All the ingredients are brought to a gentle boil to thicken













DSCF5343.JPG



__ tjohnson
__ Nov 18, 2012






Done boiling and thickened up nicely













DSCF5346.JPG



__ tjohnson
__ Nov 18, 2012


----------



## bmudd14474 (Nov 18, 2012)

looks great. I have been experimenting with different sweet and sour sauces. Godd give this a try. Thanks for sharing.

Sent from my DROID BIONIC using Tapatalk 2


----------



## tjohnson (Nov 19, 2012)

The Sweet and Sour Sauce turned out great, but my Tiger Sauce Copycat turned out pretty darn good too!

I'll post the Tiger Sauce Copycat Recipe later


----------



## smokinhusker (Nov 19, 2012)

That looks pretty good! I'll bet that would be good on Cornish Game Hens! Thanks and please don't forget the Tiger Sauce copykat recipe.


----------



## daveomak (Nov 19, 2012)

Another great recipe in the SMF cook book......   Thanks Todd


----------



## sappron (Dec 5, 2012)

Thanks for your post. Sweet and sour sauce is very popular all over the world. It tastes great with meatballs. Meatballs along with Mariana sauce is the oldest recipe by Grandmamas. 

authentic italian meatballs


----------



## tjohnson (Dec 6, 2012)

sappron said:


> Thanks for your post. Sweet and sour sauce is very popular all over the world. It tastes great with meatballs. Meatballs along with Mariana sauce is the oldest recipe by Grandmamas.
> 
> authentic italian meatballs


Nice Recipe!


----------



## dtsdowntosmoke (Dec 30, 2012)

Thanks for this recipe. I love S&S sauce but was wondering what the uses would be. I'm brand new to smoking (or any type of cooking) so cut me some slack. Would you smoke the meat and then add this sauce at the end?

Thanks

Ben


----------



## tjohnson (Dec 30, 2012)

Hey Ben

I was actually playing around with a TigerSauce Clone Recipe and needed to make a Sweet & Sour Sauce recipe as a base.
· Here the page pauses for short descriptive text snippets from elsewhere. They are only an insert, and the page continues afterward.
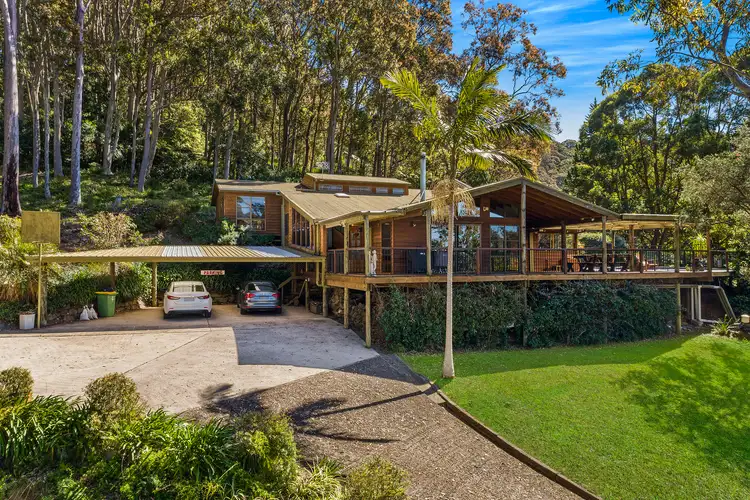 Main view of Homely rural property listing, 11 Nartanda Avenue, Wamberal NSW 2260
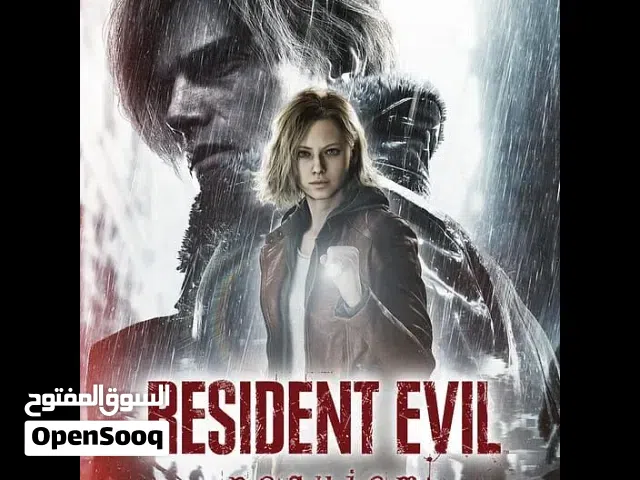 حصريا ولفترة محدودة تنزيل  Resident evil 9 Requiem لجميع اجهزة بليستيشن 5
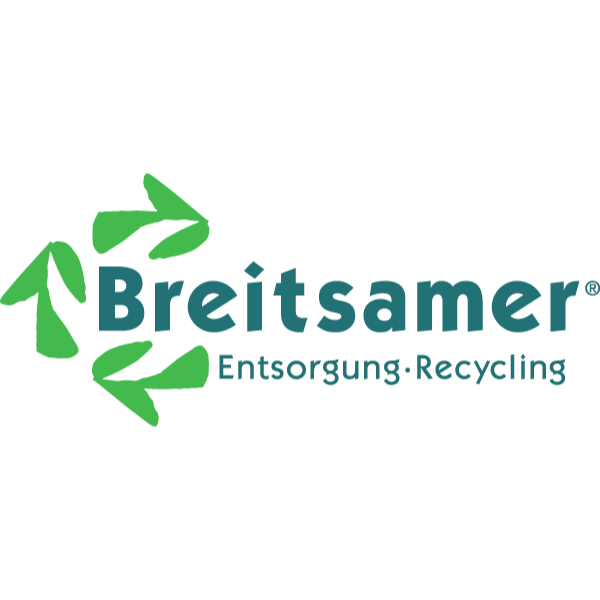 Logo Recyclingcenter | Breitsamer Entsorgung Recycling GmbH | München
My kids love it on chicken and pork

TJ


----------



## chef jimmyj (Dec 30, 2012)

Yes Ben. Sauces like that go on near the end of the cook or at the table. S&S goes great on Chicken but is a nice addition to Pork. Those Pork Tenderloins you made, try marinading them with 1/2cup Soy Sauce, 1tsp minced Fresh Ginger, 2 minced Scallions and 1Tbs Brown Sugar at least 4 hours or overnight. Smoke or grill them, slice and serve with the Sweet and Sour. Add some rice and stir fried Veggies and you have a complete meal...JJ


----------



## dtsdowntosmoke (Dec 30, 2012)

Thamks guys. That sounds awesome!


----------